The trove was accessible to anyone with an internet connection, the report said.
"About 800,000 of the records appear to originate from LexisNexis, a legal search engine," wrote Paul Bischoff in a Comparitech blog post . Those records included names, past names, addresses, gender, parental status, a short biography, family members, redacted emails, and info about the person’s neighbors including full names, dates of birth, reputation scores, and addresses.
The database was first indexed by search engines on 17 June. "We traced the database back to a Github repo for a people search API called thedatarepo. We promptly notified the database owner as soon as we could determine to whom it belonged. The owner then shut down access on 3 July," Bischoff said.
Comparitech deduced that this was not a case of a data breach at the source websites, but either purchase or data or harvesting through existing tools.

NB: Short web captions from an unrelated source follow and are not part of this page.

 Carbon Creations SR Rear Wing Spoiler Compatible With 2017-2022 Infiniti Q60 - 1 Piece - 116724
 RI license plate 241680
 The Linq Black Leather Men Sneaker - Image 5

"The Github repo gives examples of how the API could have been used, for example, to look up people by their name or what car they own. It was last updated on 18 June. It lists an email for users to request "bulk data purchases and/or access to more data/requests," said Bischoff.

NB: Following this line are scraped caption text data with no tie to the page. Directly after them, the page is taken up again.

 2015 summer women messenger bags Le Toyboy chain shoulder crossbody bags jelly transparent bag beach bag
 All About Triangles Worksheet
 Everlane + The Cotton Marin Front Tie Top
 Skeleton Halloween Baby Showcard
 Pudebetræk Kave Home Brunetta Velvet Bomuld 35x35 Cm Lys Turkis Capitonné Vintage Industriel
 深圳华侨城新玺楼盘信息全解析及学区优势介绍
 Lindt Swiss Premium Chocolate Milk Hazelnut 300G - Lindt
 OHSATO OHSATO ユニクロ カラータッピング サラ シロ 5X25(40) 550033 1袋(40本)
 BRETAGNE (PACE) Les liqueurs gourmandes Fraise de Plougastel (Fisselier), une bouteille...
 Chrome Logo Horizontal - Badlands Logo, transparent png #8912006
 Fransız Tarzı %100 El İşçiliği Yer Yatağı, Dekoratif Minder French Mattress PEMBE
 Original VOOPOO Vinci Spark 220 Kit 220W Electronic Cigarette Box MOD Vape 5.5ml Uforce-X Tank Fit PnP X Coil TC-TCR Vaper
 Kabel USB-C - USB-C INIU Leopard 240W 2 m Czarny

This situation highlights two important areas of concern, said Javvad Malik, security awareness advocate at KnowBe4.
"Even legitimate functionality can be abused and that those uses should be explored when designing systems. The second is one which can be referred to as the 'chemistry of data' in that certain data elements on their own may be of low risk but aggregated together, they can be high risk," he said.
In May researcher Diachenko flagged another MongoDB exposure. A public-facing database held more than 275 million records containing personal information on citizens in India.

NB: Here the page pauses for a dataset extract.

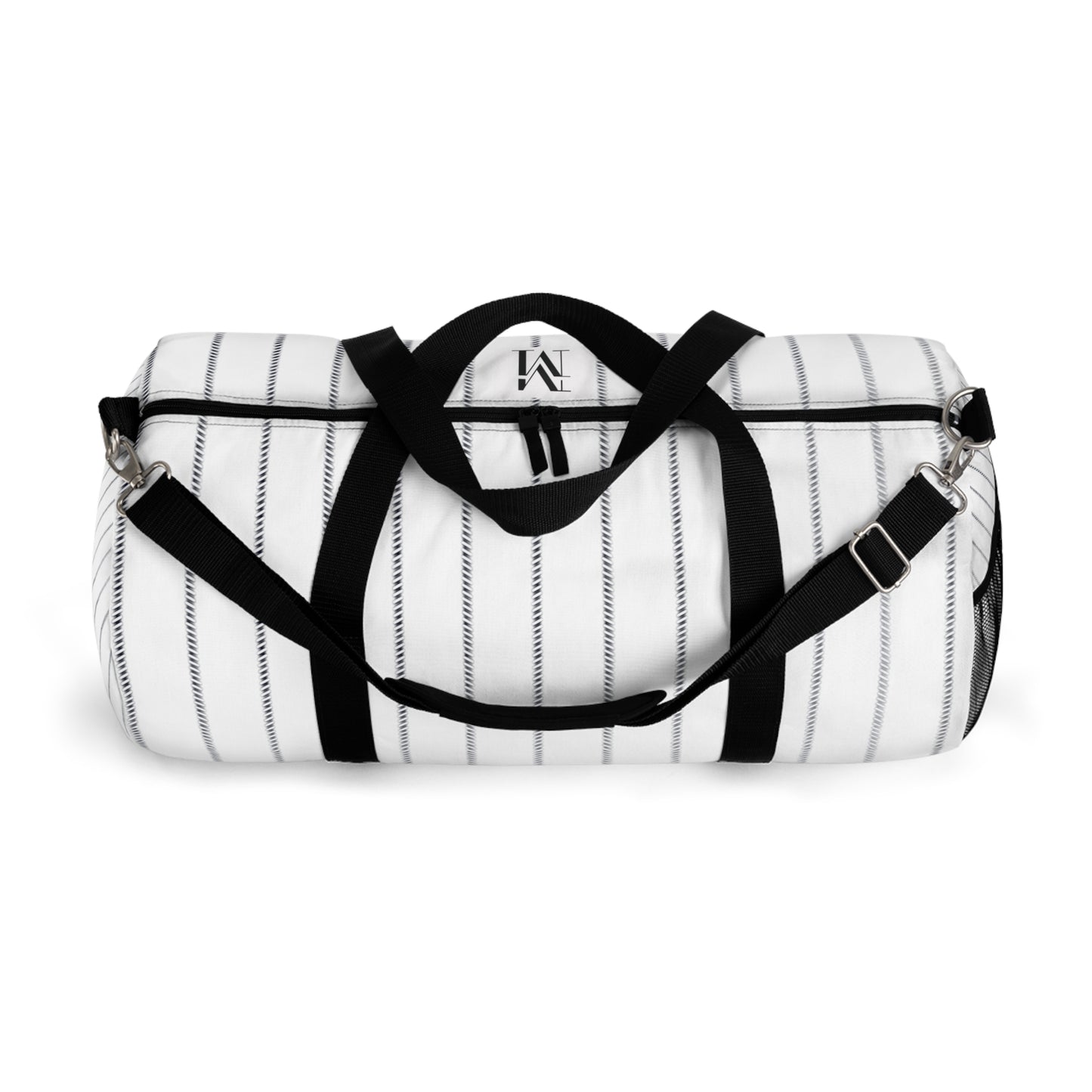 Mss Mia White W Stripes Duffel Bag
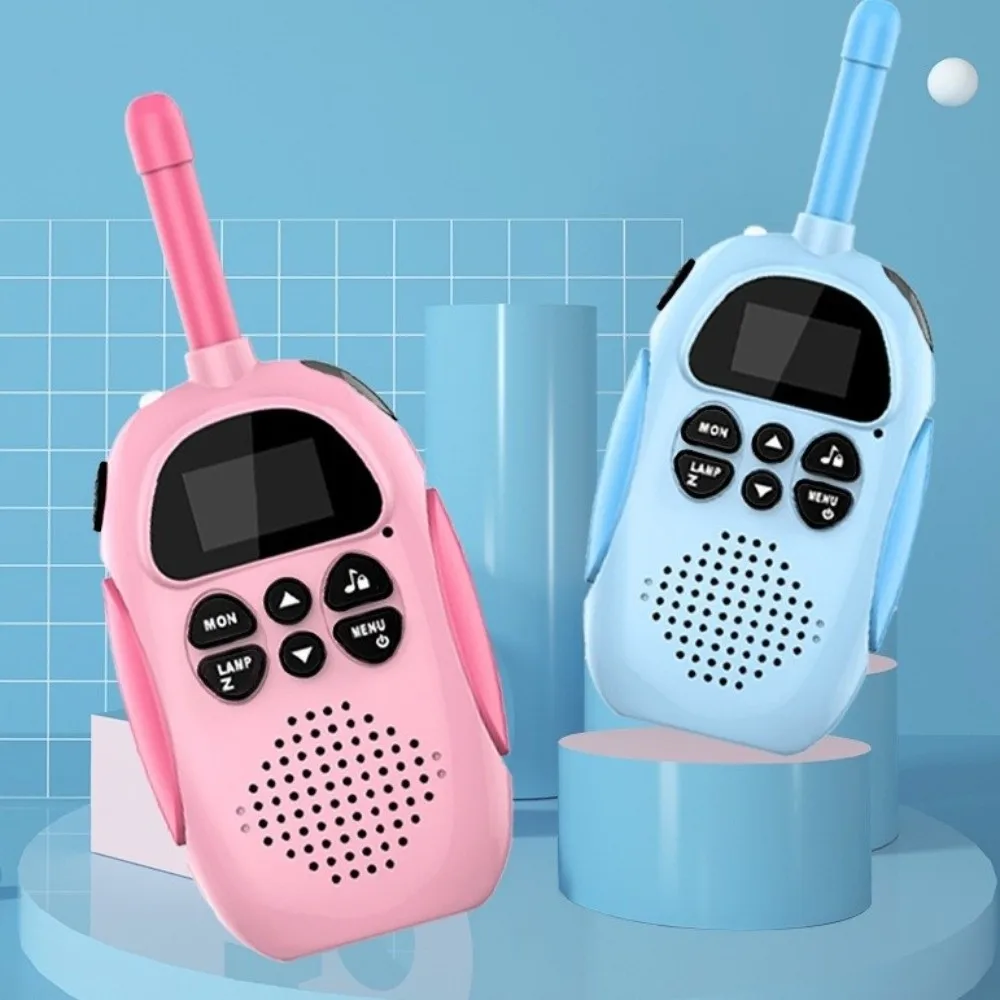 

2pcs/set Portable Plastic Walkie Talkies Radio Rechargeable Audio Receiver Children Walkie-Talkie Indoor Camping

The database was hijacked by hackers known as the ‘Unistellar’ group and all of its content was wiped out, said the researcher.
Data by default
"Data brokers gather personal data from many different sources and create combined data sets. These new data sets carry way more risk and need adequate protection," said Warren Poschman, senior solutions architect at comforte AG.
From user registration to usage tracking, data is generated when operations happen online. Making matters worse is the kind of information people share on social media.
SC Media UK reported last month that there were more than 33,000 victims of identity fraud in 2018 in the UK. About 65 percent of the victims had some sort of a social media presence, allowing scam artists to harvest crucial personal data.
The type of data exposed in the MondoDB database can be combined with other user data from other breaches and social media, to build a complete profile, noted Lisa Baergen, director at NuData Security.
"In the hands of fraudsters and criminal organisations, these valuable identity sets are usually sold to other cyber-criminals and used for myriad criminal activities, both on the internet and in the physical world. Using these real identities, and sometimes fake identities with valid credentials, they’ll take over accounts, apply for loans, and much more. Every hack has a snowball effect that far outlasts the initial breach," she said.
All customer information -- name, physical and email addresses, passwords, the content of emails – is valuable to fraudsters, and making these data valueless using passive biometrics is a viable solution, she suggested.
"Passive biometrics technology is making stolen data valueless by verifying users based on their inherent behaviour instead of relying on their data. This makes it impossible for bad actors to access illegitimate accounts, as they can't replicate the customer’s inherent behaviour," she said.
"Analysing customer behaviour with passive biometrics is completely invisible to users. It has the added benefit of providing valid users with a great experience without the extra friction that often comes with other customer identification techniques. When fraudsters try to use stolen customer data or login credentials, they will find the data is useless," she added.